In the novel that I eventually wrote, I changed Robert from 80 years old to 100. From a man to a woman. From a Mexican-American to a Russian-American. From a middle-class magician to a one-percenter prima donna.
What remained the same about him, however, was his soul.
In a key scene in the novel, my old-woman character Anja is presented in this way:
“God gave me another day,” Anja finally said, never taking her eyes away from the sunset, and with not a little pleasure in her voice. “I suppose He wanted me to see this sky.”
Anja had such a grateful smile on her face, rimmed with bliss.
“What did your son die of?”
A veil descended over Anja’s face and she cast her eyes downwards, and for a long moment, Cat thought she might not have the voice to answer. But she was over 100 now, and it was all truth from here on out, she had told herself.
“He was a good boy.
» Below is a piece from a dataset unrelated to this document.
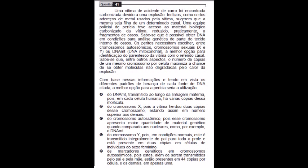A melhor opção para a identificação do parentesco da vítima com o referido casal. Sabe-se que, entre os aspectos, o número de cópias de um mesmo cromossomo por célula, maximizado, dá a chance de se obter moléculas não degradadas pelo calor da explosão. Com base nessas informações e tendo em vista os diferentes padrões de herança de cada fonte de DNA citada, a melhor opção para a perícia seria a utilização:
Don’t judge him.”
“I know who he really was, and he didn’t mean to be bad.”
Anja looked out at the dying sun and saw her saddest days up there among the reds, blacks, and purples.
“He did one bad thing when he was 12 and that made the rest of his life unbearable.”
A few minutes later, Cat was resting her head on Anja’s chest, the old woman stroking her hair. Cat pressed herself into the warmth, the fragility, the deep echo, feeling more connected to someone than she had in years, and a phrase leapt to mind—ancient heart—and she realized all in a moment that it had first started beating when Teddy Roosevelt was president and some old-world czar was riding a dead horse called monarchy, that it was 11 when some idealist assassinated Archduke Ferdinand, that it had been irreparably broken twice by her own flesh, and Cat felt, listening to the heart’s rhythm as if to an ancient metronome, that she was now living a pattern that had been going on for centuries: secret suffering, dominaters and the dominated, narcissists masquerading as patriots, freedoms stolen in the name of freedom, and she set her mouth firmly against all the forces that had arrayed against her and said to herself: I must stop being so afraid. It crushes my soul.